— Я все-таки до сих пор не могу понять, — сказала Людмила, помолчав, — столько было людей… и на таких верхах, как ты говоришь, и ничего не смогли сделать. Ничего!
— Ах, Трудхен, — Гейм вздохнул. — Это лишь доказывает бессмысленность подобных акций. Отчасти я могу понять графа Штауффенберга — человеку, в чьих жилах течет кровь крестоносцев, трудно мириться с засилием торжествующего хамства… Но вот стоило ли проявлять свои чувства так шумно — вопрос другой. Разумным это, во всяком случае, не назовешь.
— Разумнее, конечно, ничего не делать, — Людмила горько усмехнулась.
— Увы, это так. Я преклоняюсь перед этими людьми, но ведь их самопожертвование оказалось никому не нужным. Не говоря уж о главном: что они ровно ничего не добились Но хотя бы признательность современников? Вы приехали сюда позже, а я двадцатого июля был здесь, — надо было видеть, как реагировала вся эта чернь. Собирали какие-то подписи — выражать любовь и восторг по поводу чудесного спасения, многие рыдали: «Представить только, что эти предатели действительно могли Его убить!» Какая-то истеричная баба бегала и кричала, что как смели просто расстрелять этого вонючего графа и его приспешников, их, дескать, надо было четвертовать, посадить на кол, сварить заживо в кипящем масле. И ради этой сволочи они пошли на смерть?
Ставень раздаточного окна в конце помещения со стуком распахнулся, еще сильнее потянуло кухонными запахами.
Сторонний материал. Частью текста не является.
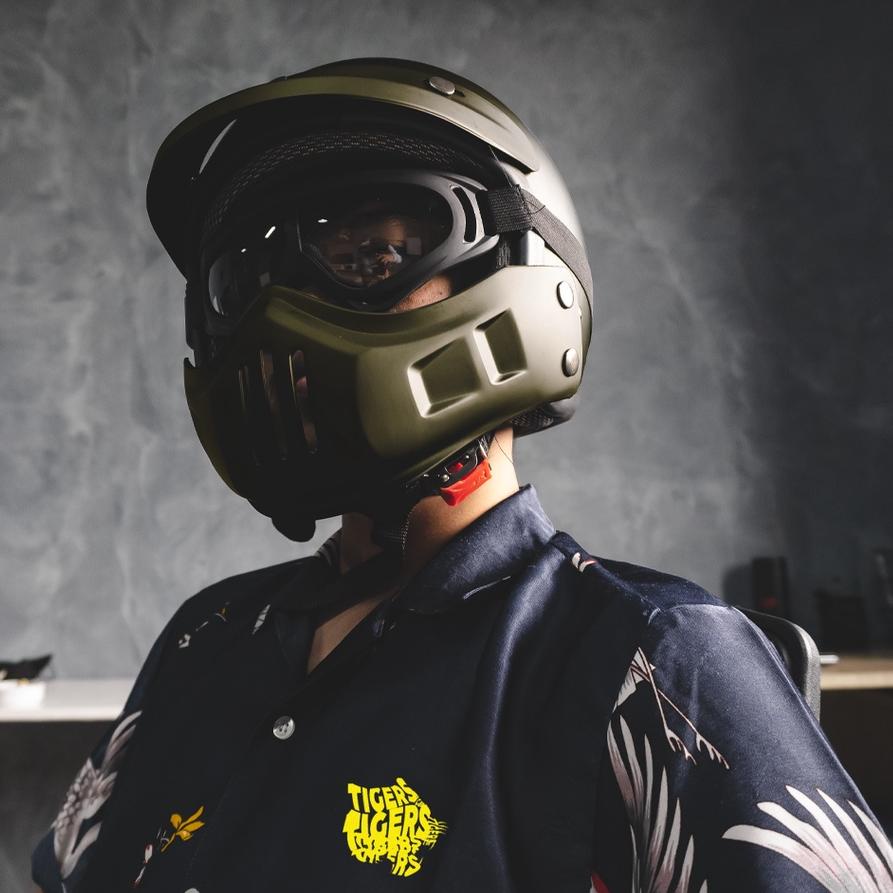 BOSHELM Helm Cakil Modular Tigers HITAM DOFF Helm Full Face SNI .,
Две женщины с повязками дежурных принялись расшвыривать по столам коричневые эмалированные миски. Гейм посмотрел на часы и встал.
— Да, сейчас нас прогонят. Вы знаете, где четвертый барак? Идемте, мне тоже в ту сторону…
Они вышли наружу, смеркалось, начал сеяться мелкий ледяной дождь. Угнетающе-безотрадный вид лагеря был нарочитым, как плохая театральная декорация.
— Скажи, Ян, — спросила Людмила, — этот фильм… Ну, ты говорил, видел вчера — «Императорский вальс», кажется… Кто там играет главную женскую роль, не помнишь?
— Боже праведный, откуда мне знать, кто там играет! Я ушел через полчаса, больше не выдержал — это что-то вроде оперетты из венской жизни времен Франца-Иосифа, этакая маргаринно-сиропная стряпня — красивые женщины, гусары, шампанское…
— Я представляю… — Людмила помолчала. — А героиня действительно красивая?
— Думаете, я помню, кто там героиня… Если та дура, у которой роман с кронпринцем, то ничего. Такая черненькая, немного испанского типа. Итак, Трудхен, вон ваш барак — за углом второй. А я пошел к себе. Встретимся за ужином!
Сразу после ужина Людмила легла, но скоро поняла, что заснуть не удастся. Все обитательницы комнаты ушли на лекцию, было тихо, а сон не приходил. Не надо было слушать всю эту Янову болтовню — к сожалению, в чем-то он был прав, бывают такие рассуждения — вроде бы в целом и неверные, а оставляют в мыслях занозу. У нее, впрочем, и не было сейчас никаких мыслей, она просто заново переживала тот день, невыносимо знойный, притихший, — все думали, что соберется гроза, но облака после обеда разошлись, осталась лишь какая-то мгла, к вечеру она стала зловещей, тускло-раскаленной над холмами за Эльбой. В доме непрерывно играло радио — фрау Ильзе несколько раз хотела выключить, но профессор говорил: «Не надо, оставь», — он, видимо, знал заранее: накануне к нему приезжали из Дрездена. Радио играло и играло — Вагнера, Штрауса, какие-то оперетты, вальсы, и раскаленная мгла медленно гасла над холмами, а потом — было уже почти семь часов вечера — радио вдруг поперхнулось, оборвав на полутакте какую-то штраусовскую мелодию, и диктор торопливо заговорил срывающимся от волнения голосом: «Внимание, слушайте экстренное сообщение из ставки фюрера…» И после этого единственной надеждой, которую она могла себе позволить, осталась лишь надежда на то, что Эрих мертв, что он не попал в руки палачей живым; и с этой страшной надеждой она прожила еще неделю.